Relay-Version: version B 2.10 5/3/83; site utzoo.UUCP
Path: utzoo!watmath!clyde!burl!ulysses!allegra!mit-eddie!think!harvard!seismo!munnari!goanna!rcodi
From: rcodi@goanna.OZ (Ian Donaldson)
Newsgroups: net.lang.f77,net.unix-wizards
Subject: Re: Any decent Fortrans under Unix ? Which machine ?
Message-ID: <208@goanna.OZ>
Date: Sun, 2-Mar-86 09:47:05 EST
Article-I.D.: goanna.208
Posted: Sun Mar  2 09:47:05 1986
Date-Received: Sat, 15-Mar-86 18:31:18 EST
References: <173@cybavax.UUCP> <206@goanna.OZ>
Distribution: net
Organization: Comp Sci, RMIT, Melbourne, Australia
Lines: 104
Xref: watmath net.lang.f77:493 net.unix-wizards:17201

> I forgot to mention that f77 effectively forces you to split your
> programs into many small files when you are on non-virtual machines.
....
> Mike Gigante

I agree with most of Mike's responses (its a wonder no-one else has
submitted such an article yet), but the last point re: f77 forces you
to split your prog into small files     - is true, but this is not a
BAD idea!

The whole concept of compilation under UNIX has been to allow the Make
utility to maintain large programs by arranging for minimal
recompilation.  C programs are also broken into managable segments of
source.  The speed of the {f77,c,pc} compiler is not THAT critical if
this philosophy is observed.  You tend not to do this as much with
Pascal as there is no universal standard way of doing separate
compilation (ps:  despite this, I am a Pascal freak).

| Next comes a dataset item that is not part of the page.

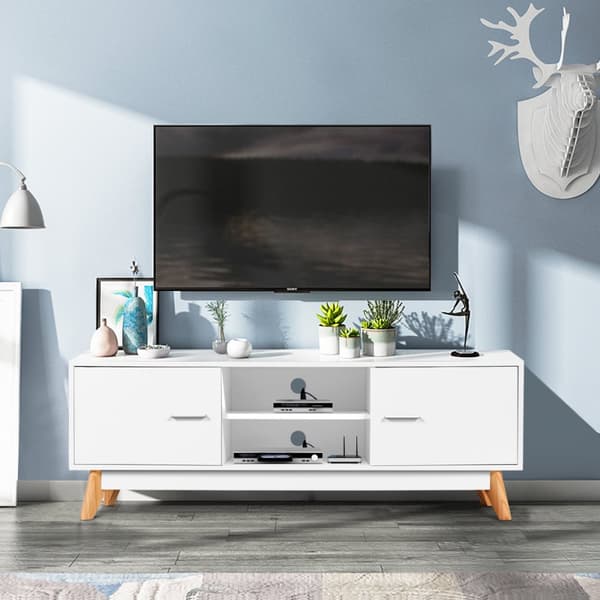 TV-bänk, 140x40.5x48 cm, Vit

It is still  nice to have a fast compiler, for the times you are
compiling someone else's code and don't want to spend too much time
porting it.

It would be nice if {ccom, f77pass1, pc0} all skipped the phases of
generating assembly language text, and just produced a load-file
straight from the source.  I can see little advantage in producing text
and then for the optimizer (c2) to parse it again, write it again, and
for the assembler (as) to parse it yet again to finally produce a
relocatable binary.  Poor pc users are stuck with the following large
number of passes in compiling programs:  cpp, pc0, pc1 (f1), pc2, c2,
pc3, as, ld.  C programmers have this:  cpp, ccom, c2, as, ld.  It
would be nice if it was just:  cpp, ccom, ld.  Even nicer if cpp was
built into the input parser of each of the compilers (but still have it
as a separate package too).  

A lot of the compilation time is spent doing unecessary disk i/o and
parsing.  I have heard that it has not been done this way due to the
complications of porting it to a new machine.  This argument does not
really hold, as there are large amounts machine specific pieces of code
in most of the passes anyway (ccom, pc, f77pass1, c2 and as all need to
be extensively modified when porting to new cpu's).  The only
advantages that I can see of producing text assembly source is that it
can be hacked by sed scripts to replace certain instruction sequences
by others that the compiler doesn't generate, or to peruse the
efficiency (or lack thereof) of the code.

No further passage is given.